What about Cat Person's ending?

Emilia Jones in "Cat Person."Credit: Rialto Pictures

Perhaps worst of all is the way the movie version tacks on a goofy third act beyond the short's conclusion. It reads like a college slapstick comedy on paper, but it's meant to play out like an intimate thriller. It's a deeply confused and confusing extension that adds little to the story's ruminations on male insecurity as filtered through female imagination.

Instead, it makes thuddingly literal some of the short's most notable ambiguities — like the nature of its title, without giving too much away. This is also part of why casting Braun as Robert doesn't quite work. He's a more than capable performer, as seen on Succession, but he has a doe-eyed sincerity to him that prevents him from layering and hiding Robert's intentions behind specific lines, which Margot is supposed to have trouble interpreting. He's an actor who clarifies, rather than concealing.

This works for a show like Succession, with its documentary stylings and focus on scumbags who barely hide it, but it contradicts a story about unknowns and probing questions about intentions.
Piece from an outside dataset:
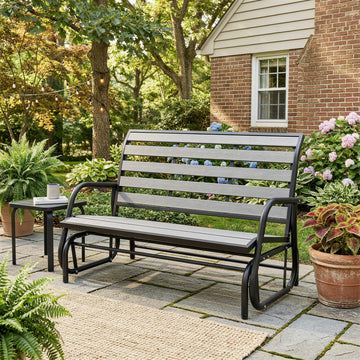 2 Person Outdoor Glider Bench, Patio Glider Loveseat with Faux Wood Slatted Seat and Back, Steel Frame, Grey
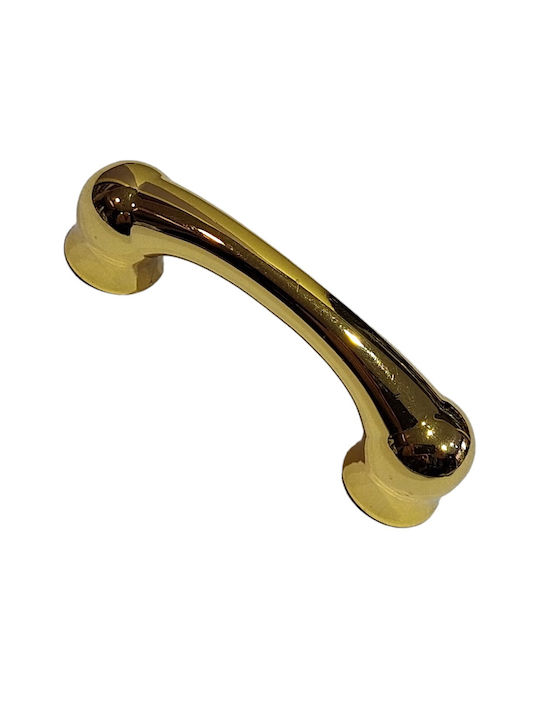 Italian Furniture Handle Mandelli 9012-oro Gold Glossy Size 6.4cm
If anything, it makes Margot seem kind of stupid for not being able to read the motivations Braun makes clear as day. Jones does a fine job as Margot, and she adequately adds a sense of fear and uncertainty to each of the character's glances, but again, the same problem arises in the process of having her act opposite a conception of Robert who lays it all out on the table.

This makes the film's protracted final act even stranger, by making Margot's protective and preventive actions against Robert feel downright mean; as Braun plays him, Robert's sincerity never seems to brush up against the darker implications of the source text. In effect, the movie inadvertently embodies his perspective, rather than hers. While it only occasionally envisions the fear women feel, according to Atwood's quote, it most definitely captures Robert's embarrassment, perhaps even more vividly.

At two hours in length, this extended postscript feels entirely excessive. It does little to help detail Margot's perspective or emotional world, and only serves to confuse it. The end result is a film that fundamentally misunderstands the subtler and more succinct dramatic elements of the original short story.

CatPersonopens in limited release Oct. 6.